ABOUT THIS TASK
Could you retype the lines below, starting at the line holding "Sarı bir kağıt" and stopping at the line holding "Mladá dívka drží", inclusive? Copy them exactly and drop the images.
----- INPUT RECORDS
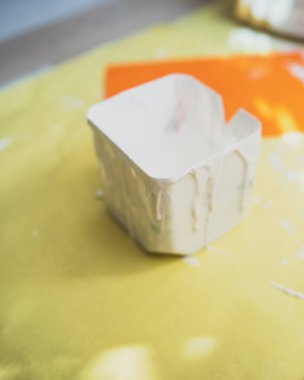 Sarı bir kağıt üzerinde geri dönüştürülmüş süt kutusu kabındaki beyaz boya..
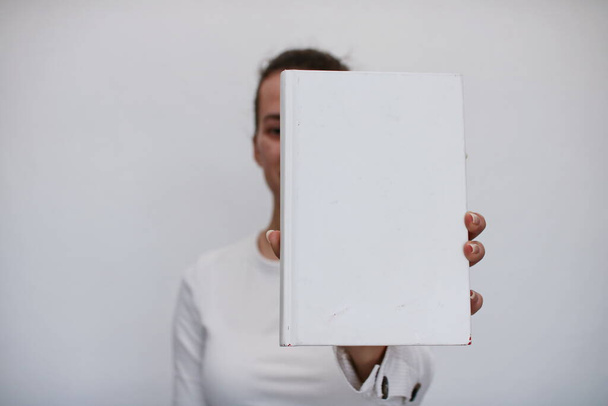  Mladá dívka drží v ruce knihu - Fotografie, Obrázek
----------
----- INPUT RECORDS
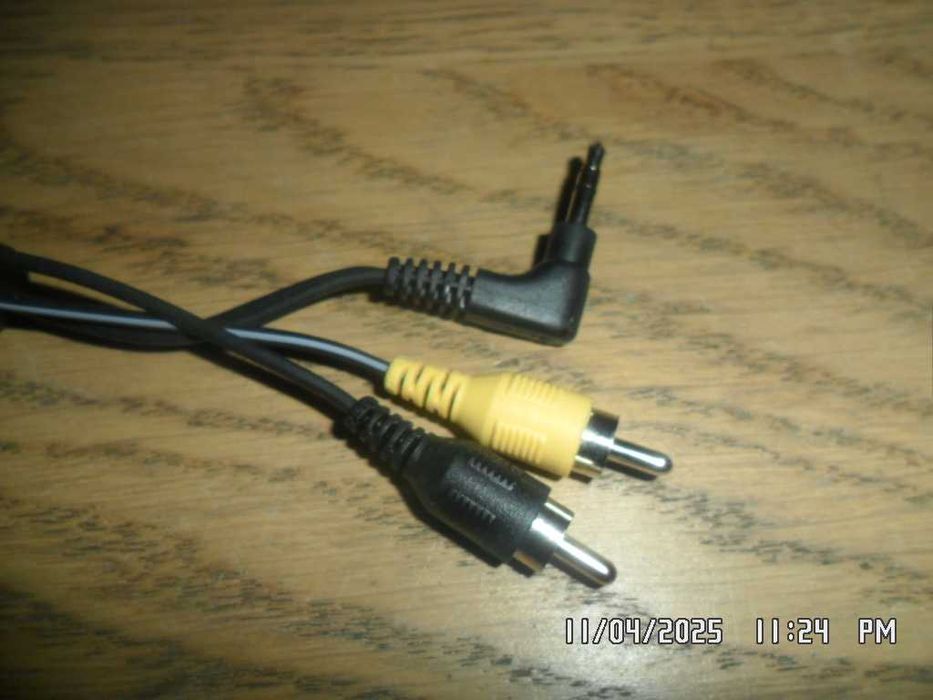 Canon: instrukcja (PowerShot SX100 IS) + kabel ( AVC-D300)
----------
ANSWER SPACE
 Sarı bir kağıt üzerinde geri dönüştürülmüş süt kutusu kabındaki beyaz boya..
  Mladá dívka drží v ruce knihu - Fotografie, Obrázek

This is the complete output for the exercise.